Thursday, May 25, 2006

"Alles könnte anders sein,...

...und praktisch nichts lässt sich ändern." (Niklas Luhmann, zitiert nach Alois Hahn).

Nicht ganz sicher, ob das Phänomen der sozialen Differenzierung von Gesellschaft, welches schon bei Simmel und Dürkheim, und dann bei Parsons und Luhmann beschrieben wird, in Frage gestellt wird oder ob das Erkenntnistheoretische Prinzip der System/Umwelt-Differenz als unplausibel abgelehnt wird, obwohl es nicht nur von physikalischen und biologischen Forschungen gestützt wird, sondern auch psychologisch, wie soziologisch erfolgreich Beschreibungen wie Kybernetik 2.Ordnung, Autopoiesis, operative Schließung etc. eingeführt hat, lasse ich dieses Problem diesmal außen vor und versuche an den Punkt der Kontingenz anzuschließen.

Ich würde dagegen mit Benjamin behaupten, dass Geschichte schreiben niemals heißt, "es erkennen 'wie es denn eigentlich gewesen sei.'"
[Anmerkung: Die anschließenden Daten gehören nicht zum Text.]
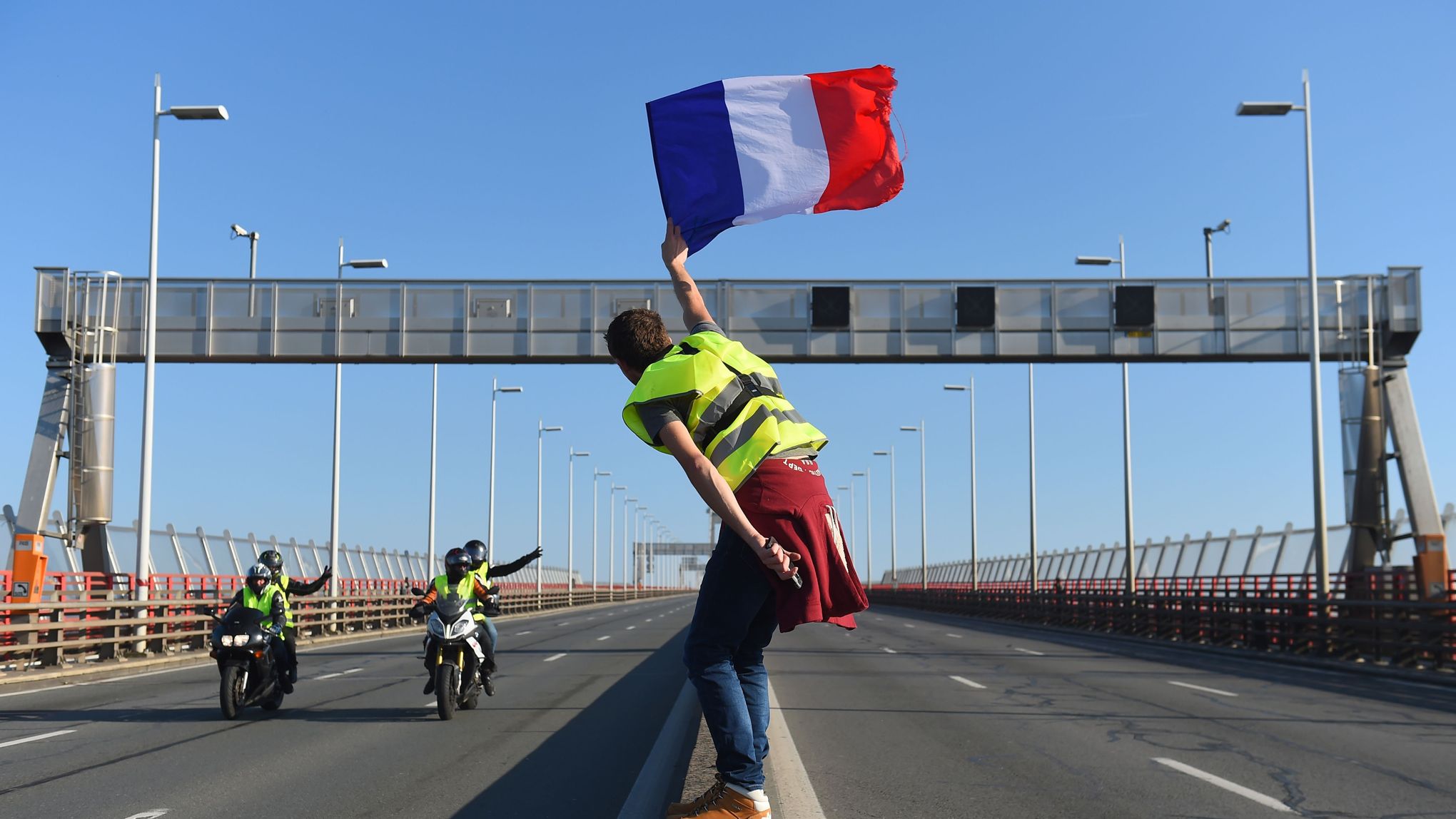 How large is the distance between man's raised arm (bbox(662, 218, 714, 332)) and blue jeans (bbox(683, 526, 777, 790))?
2.94ft

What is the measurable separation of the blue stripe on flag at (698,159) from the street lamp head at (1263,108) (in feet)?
73.4

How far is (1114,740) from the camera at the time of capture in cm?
1176

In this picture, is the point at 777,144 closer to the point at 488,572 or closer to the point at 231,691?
the point at 488,572

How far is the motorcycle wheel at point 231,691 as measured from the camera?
13.5 meters

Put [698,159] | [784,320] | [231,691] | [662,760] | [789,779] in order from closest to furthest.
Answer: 1. [698,159]
2. [789,779]
3. [662,760]
4. [231,691]
5. [784,320]

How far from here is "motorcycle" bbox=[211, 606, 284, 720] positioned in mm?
13453

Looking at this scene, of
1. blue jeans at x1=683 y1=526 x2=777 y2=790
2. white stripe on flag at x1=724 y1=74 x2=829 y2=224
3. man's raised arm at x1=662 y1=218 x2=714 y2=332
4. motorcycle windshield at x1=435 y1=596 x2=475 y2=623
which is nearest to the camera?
blue jeans at x1=683 y1=526 x2=777 y2=790

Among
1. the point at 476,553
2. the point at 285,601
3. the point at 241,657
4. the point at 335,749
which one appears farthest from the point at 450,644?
the point at 335,749

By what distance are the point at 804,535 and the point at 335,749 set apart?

Dem kann man wohl systemtheoretisch voll zustimmen, denn - wie im Post "Zuschreibungen" bereits steht - erscheint die Vergangenheit, stets im Licht der Gegenwart. Auch die Vergangenheit verändert sich fortlaufend, wird vergessen, erinnert, umgeschrieben und umgedeutet. Nichts desto trotz schließen Gegenwärtige Operationen an vergangene an - und zwar so, wie sie diese thematisieren und so, wie es Strukturen (als Erwartungen) aus der Vergangenheit zulassen, wobei hier kein deterministischer trivial-Maschinen-Output erwartet werden darf, sondern es in der Verantwortung des Systems als Entscheidendem liegt, welche Anschlussoperation erfolgt. Allerdings ohne die Zusicherung, dass es damit genau das erreicht wird, was erreicht werden soll - wenn man denn so naiv war und konkrete Vorstellungen über die unbestimmte Zukunft hegt.

es geht nicht um die historische Genese des Systems, sondern um die "Heraussprengung" des "Jetzt" aus dem historischen Kontinuum.

Scheint eine politische Protestformel zu sein. Es sei denn, es meint das Reisen in eine unbekannte Zukunft, die als Ressource begriffen werden soll. Das wäre dann wohl auch eins der Phänomene der (hoch-)modernen Gesellschaft.

die wertvolle Erkenntnis Luhmanns, dass alles anders hätte kommen können.

und es dennoch ganz enorme Einschränkungen bzgl. des aktuellen/gegenwärtigen selektierens von Möglichkeiten gibt (oft laufen Prozesse, die nur mit Fortsetzung od. Totalabbruch beantwortet werden können). Zum anderen müssen Variationsspielräume erst einmal entdeckt werden (vielleicht ein produktives Betätigungsfeld für kritische Theoretiker), was, wenn man sie beschreiben kann, aber immer noch keinen Variationshype rechtfertigen würde (wenn zumal es eine geradezu unwahrscheinliche Leistung ist, Strukturen zur Funktionserfüllung stabil zu halten), aber Vorantreibung von Evolution durch ständige Selektion, ohne Aussicht auf wirkliche, dauerhafte Stabilität ist ganz klar überall zu beobachten.

Was wieder zum Konstruktivismus (incl. Autopoiesis) führt, indem wir konstatieren, dass wir emergente Einheiten beobachten können, die sich selbst produzieren und reproduzieren und dabei zwar in einer - wenn man so will: - absoluten Wahrheit, die sie aber nie erkennen können und deshalb auch als solche irrelevant verworfen werden kann / undurchschaubaren Umwelt fremdreferentiell Bedeutungen über systemintern Erkanntes verorten, aber deren blinden Fleck zusammen mit ihrer Selbstbezüglichkeit ihnen eigentlich lediglich die Möglichkeit der Selbstbeschreibung zugesteht - von da wo das System im Moment ist. Die Gesellschaft kann sich dann in der Soziologie auch nur selbstbeschreiben / Selbsbeschreibungen anfertigen und zwar in dem Medium in dem sie sich reproduziert und Formen annimmt: In dem der kommunikativ benutzten Sprache.